Storing years of Time Series IoT data in Cassandra and performing data analytics on it is a big challenge. Modeling Cassandra Table and for query optimization and also following the best practices of Cassandra seems contradictory. Then other challenge is to find out the best way of querying Cassandra through Spark as we have few different options for example using Spark SQL or Spark DataFrame API.

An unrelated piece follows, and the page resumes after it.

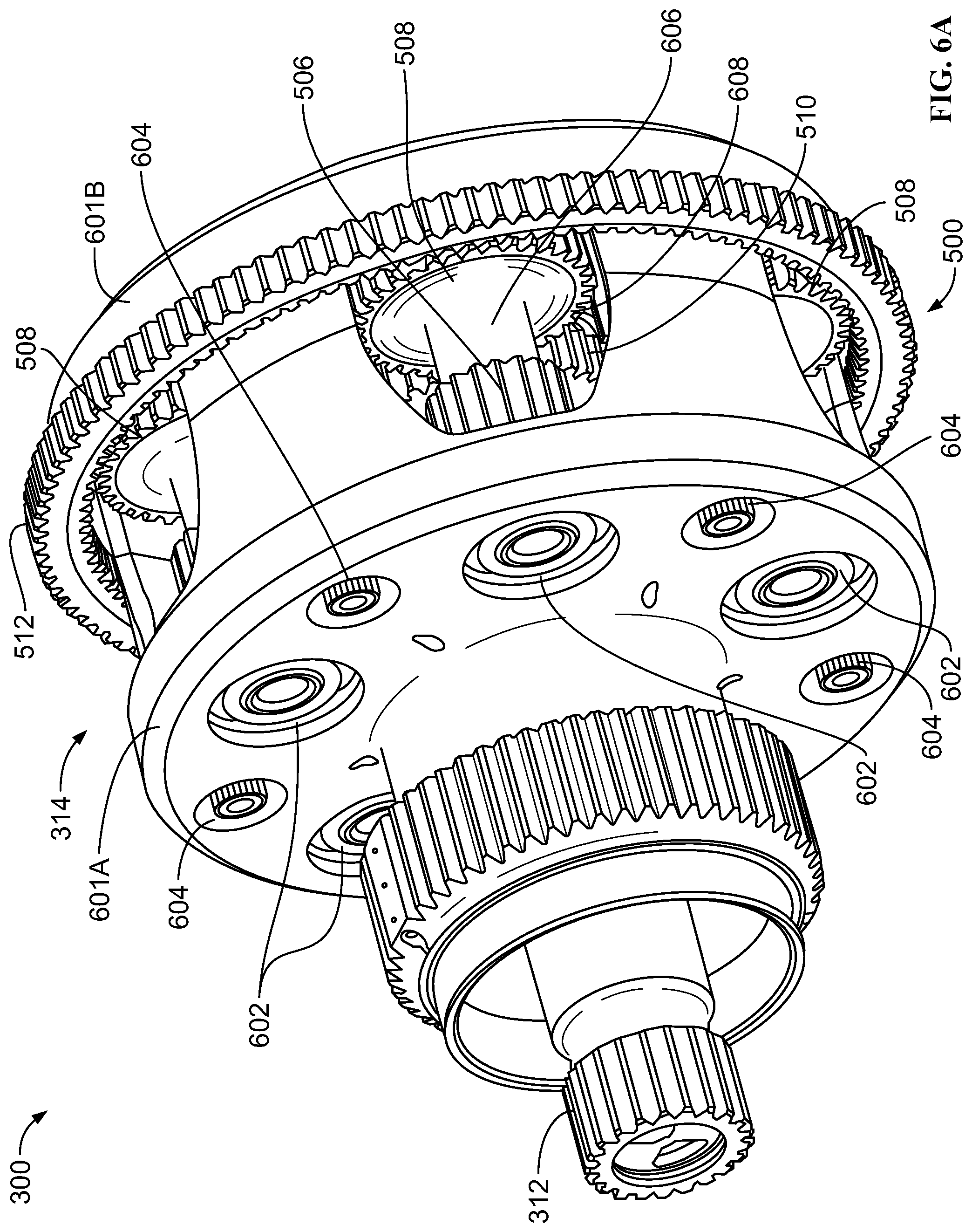Patent US12104690 Figure 6 – Epicyclic gear carrier assembly having an integrated lubrication pump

We are building an IoT platform receiving data from million of devices every minute. We need to run data analytics over time series using Spark where data is stored in Cassandra. We are doing benchmarking Cassandra and Spark to find out best Cassandra table model along with best querying method of Spark.Modeling Cassandra Table and for query optimization and also following the best practices of Cassandra seems contradictory. Table models that suits best for querying either causes larger partition size problem or hotspot issue in Cassandra cluster.

Test-bed Configurations:

We are using a virtual machine with 8 vCPUs and 30 GB memory running Ubuntu Server 16.04. Both Cassandra and Spark are running on same machine with single node deployment. We are using Cassandra:3.11.2, Spark 2.2.0 and Spark-Cassandra-Connector:2.0.7-s_2.11 version.

Testing Procedure

Data-set contains data from 1000 devices, each sending one packet per minute over a total duration of two months (July and Aug 2017) or 62 days. Each table contains 89.28 million entries. We have created 5 tables in Cassandra having same data but different PRIMARY KEYs as shown below:

#### C* table1 ####

CREATE TABLE test_timeseries.timeseries_with_date1 (

    dev_id text,

    day date,

    rec_time timestamp,

    voltage float,

    PRIMARY KEY ((dev_id, rec_time), day)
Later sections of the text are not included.